Similarly, there

are over 500 regions that are highly con

Similarly, there

are over 500 regions that are highly conserved in mammals through chimpanzees but deleted in humans (suggestive of function) that may regulate more than 1,000 genes (McLean et al., 2011). To complicate matters further, mobile repeats such as Alu elements (Cordaux and Batzer, 2009) have rapidly evolved in African great apes, with the greatest number occurring in humans. Such transposable elements have been shown to regulate gene expression and thus represent another layer of regulatory complexity introduced in primates and accelerated in humans. Furthermore, to understand the role of these genomic events in human brain evolution, their function must be interrogated in a tissue- and stage-specific manner in cerebral cortex. find more In a recent tour de force, Rubenstein and colleagues combined computational analysis of sequence conservation with DNA binding assays in mouse and humans (chromatin IP, etc.) and in vivo validation in developing OSI-744 ic50 mouse to provide a catalog of human telencephalic enhancers (Visel et al.,

2013). This includes several that may be associated with human neuropsychiatric diseases and a significant proportion that are presumed human or primate specific (Visel et al., 2013).
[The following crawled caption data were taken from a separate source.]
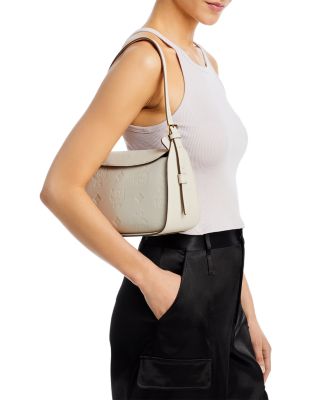 Aren Embossed Logo Monogram Leather Hobo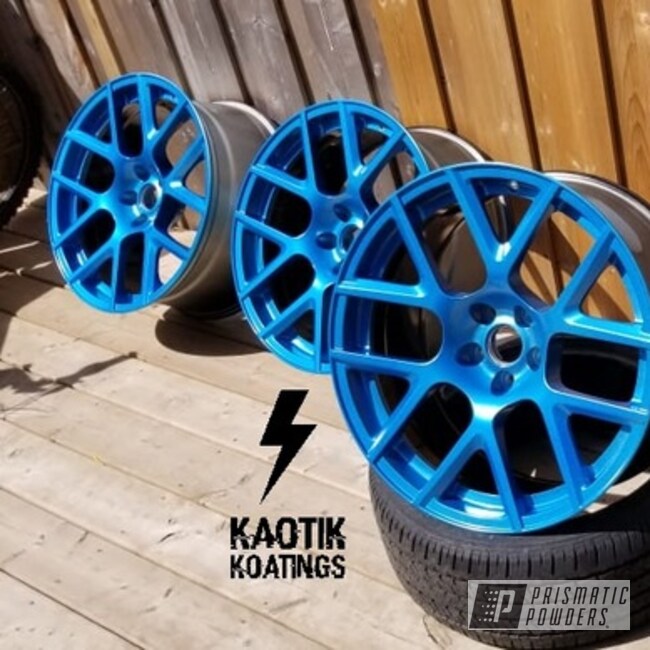 Powder Coated Dodge Challenger Alloy Wheels Coated In Bad Blue And Silver Sparkle
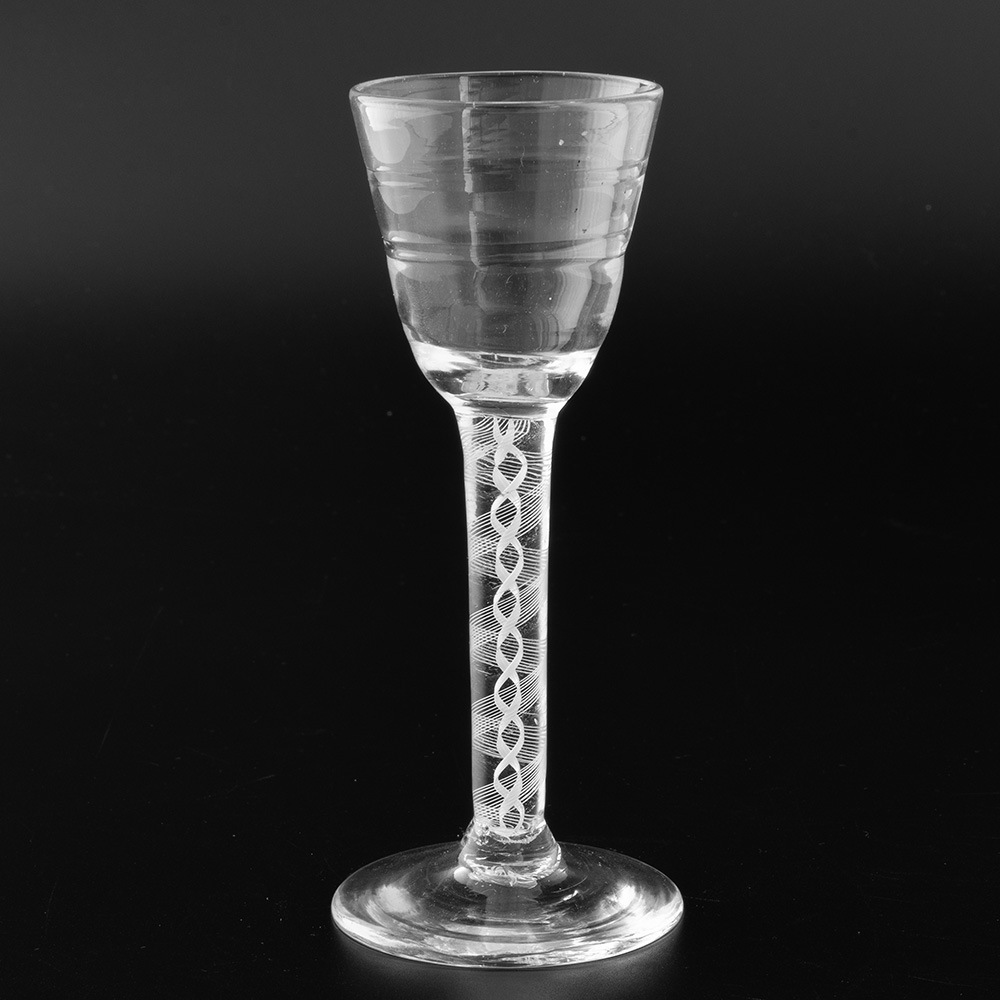 Georgian Glass with Lynn Rings Opaque Twist Stem c1760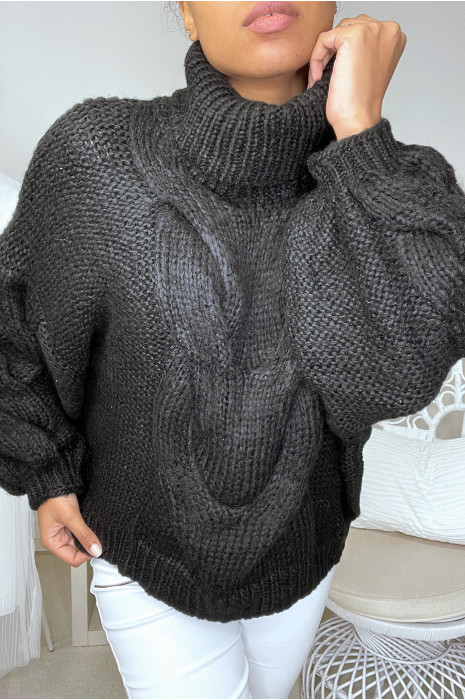 Gros pull noir avec tresse et col roulé - 2
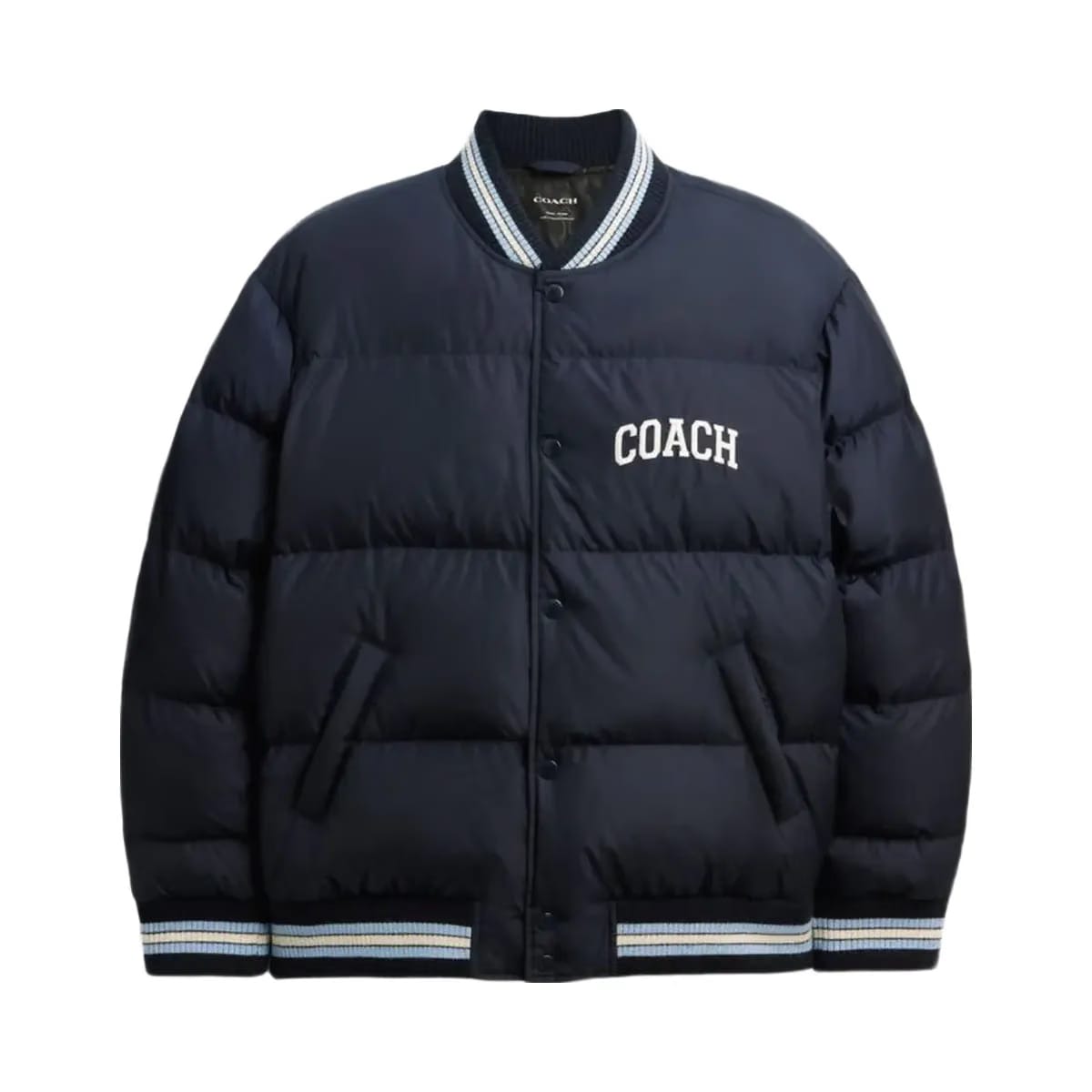 Coach Varsity Down Jacket In Recycled Polyester Navy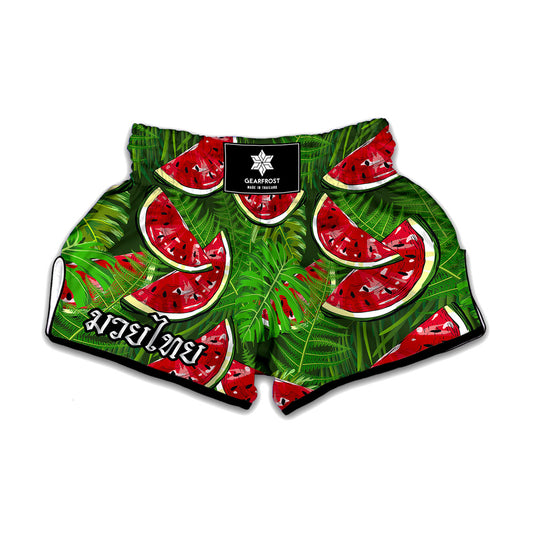 Tropical Leaf Watermelon Pattern Print Muay Thai Boxing Shorts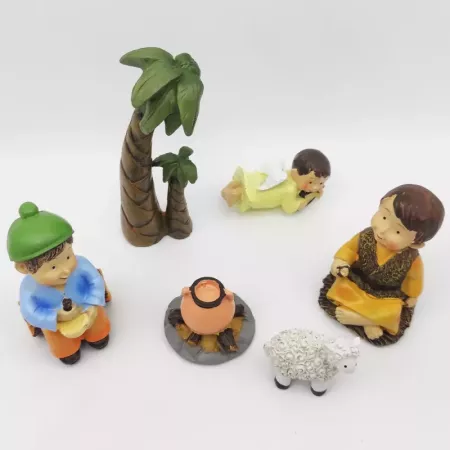Set 6 Figuras Naïf Belén Navideño 8 cm | Campesinos & Ángel
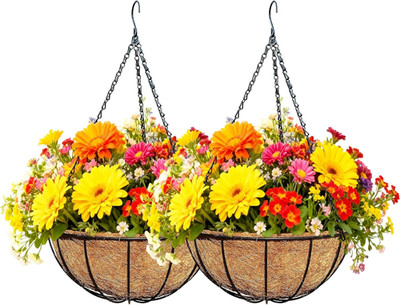 2 Pack 12 Inch Black Metal Hanging Basket Hanging Planter with Coco Coir Liner H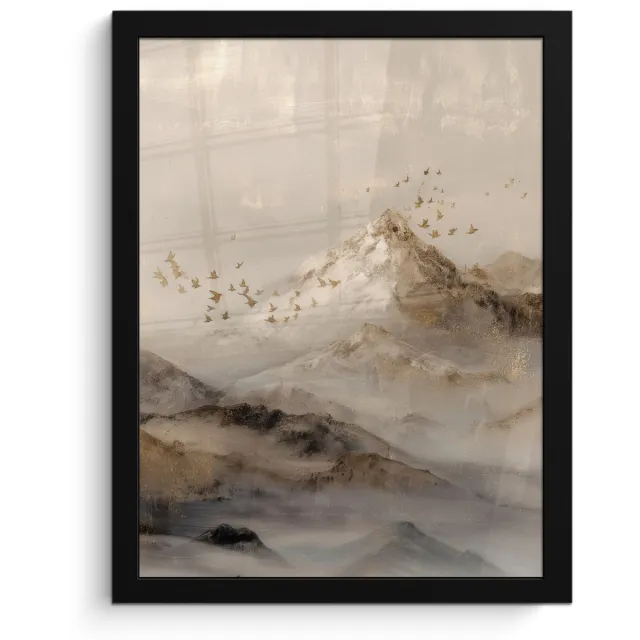 FrameYourWall Poster in lijst - Fotolijst 30x40 cm - Posters - Berglandschap - Mist - Penseelstreken - Posterlijst zwart - Decoratie - Wanddecoratie woonkamer - Muurdecoratie slaapkamer Berglandschap - Mist - Vogels
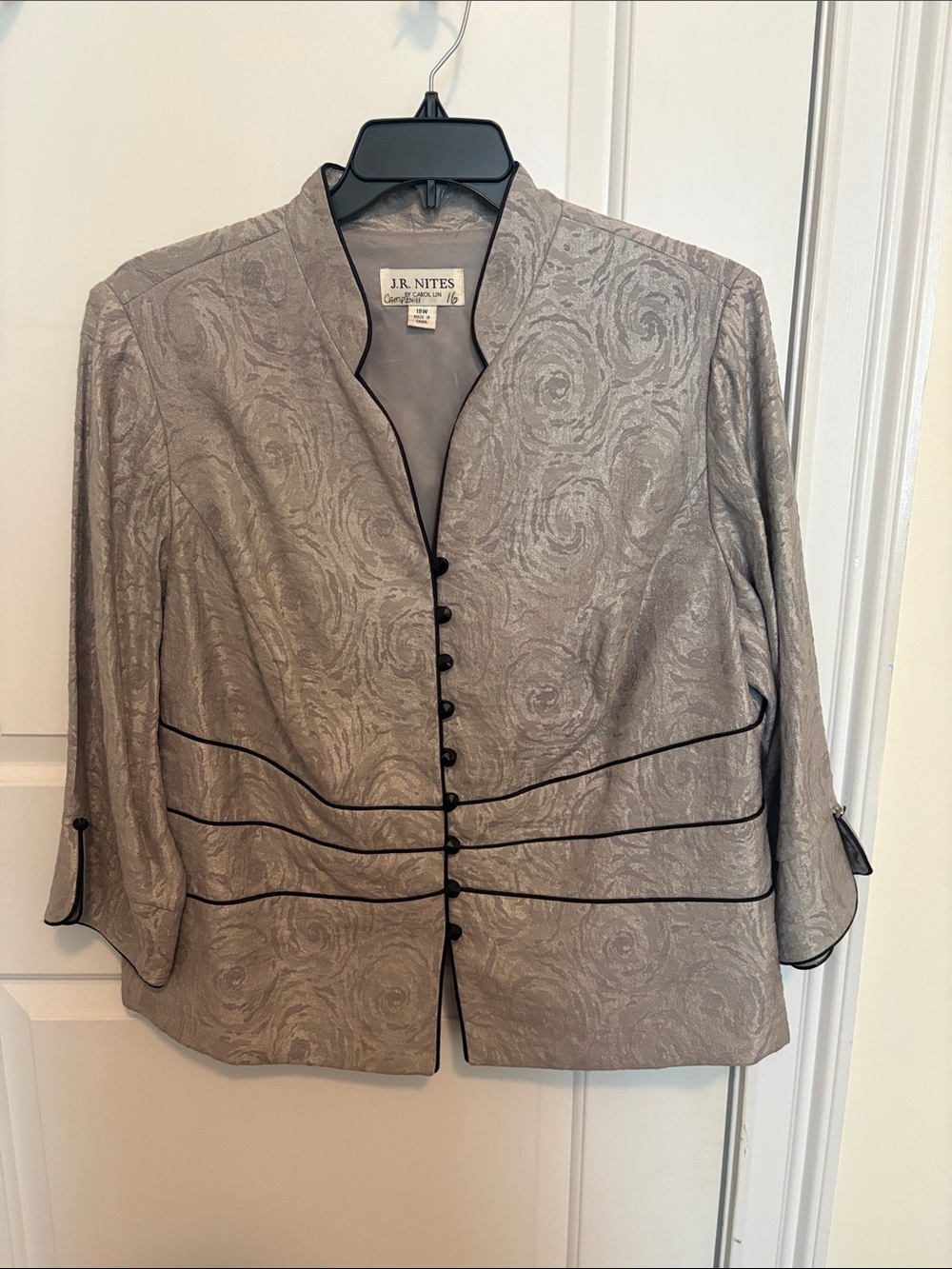 J.R. Nites Taupe Floral Jacquard Button-Front Women's Shirt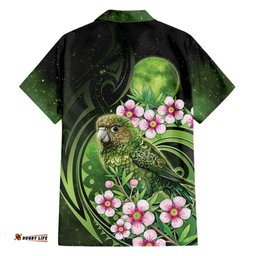 New Zealand Aotearoa Kakapo Hawaiian Shirt Maori Pattern With Manuka Galaxy Style LT05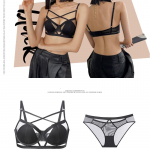 Seksikas Hollow Cross Bandage rinnahoidjakomplekt Euroopa pitsist aluspesu Push Up rinnahoidja Summer Thin Cup Plus Size pesu reguleeritav rihm 70B must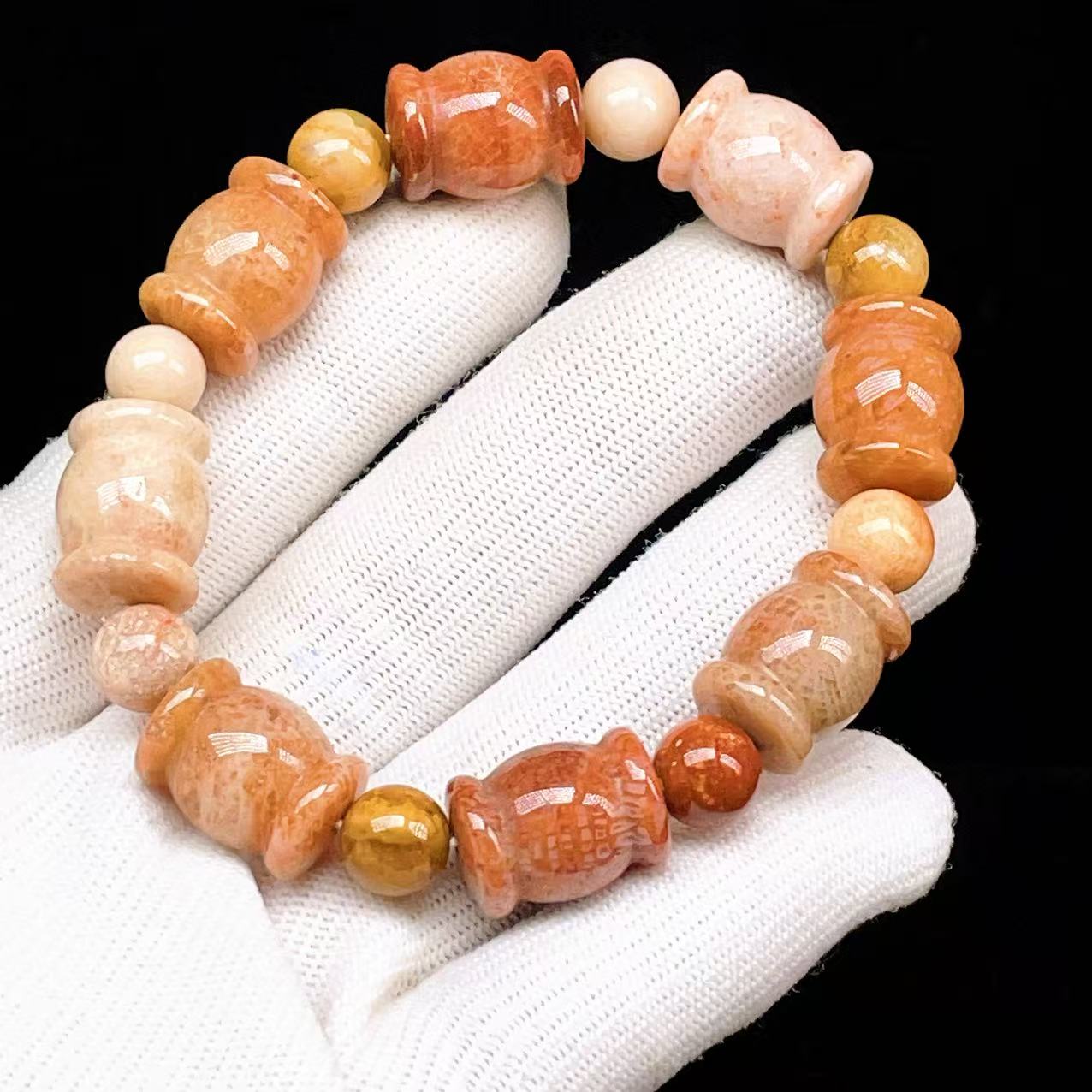 Yahoo! Yahoo!ショッピング(ヤフー ショッピング)PROME 天然石【一点物】フォシルコーラル・Fossil coral・化石珊瑚・インドネシア産・ブレスレット・ギフト用・v60440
Future studies querying laminar and cell-type-specific regulation in high resolution at multiple stages will be necessary to complete a map of human cortical regulatory elements as a crucial foundational resource. Like the functional work on gene duplications, this work again demonstrates how combination of cross-species bioinformatics and mouse Rebamipide experimentation can provide mechanistic insight into brain evolution. Noncoding RNAs provide another layer of regulatory complexity that needs to be considered in understanding human brain evolution. Some have proposed that noncoding RNA and RNA editing mechanisms may serve as a major driver of brain evolution (Barry and Mattick, 2012). Unfortunately, little is known about the roles of various forms of noncoding transcripts, from miRNAs through lincRNAs in human brain (Ulitsky and Bartel, 2013). Complicating their identification

and study is the very rapid sequence divergence in many noncoding regions, whether purely regulatory or coding for transcripts, such as lincRNAs. One notable example of a noncoding RNA that is involved in human brain evolution is HAR-1, a long noncoding RNA originally identified as the most accelerated noncoding transcribed genomic region in humans (Pollard et al., 2006). HAR-1 shows strikingly restricted expression in Cajal-Retzius neurons in the marginal zone during the time of neuronal migration in the cerebral cortex, consistent with a fundamental role in human cerebral cortical development and evolution. Precisely what this role is remains to be determined, perhaps by adapting the experimental approaches pioneered in the study of duplicated genes.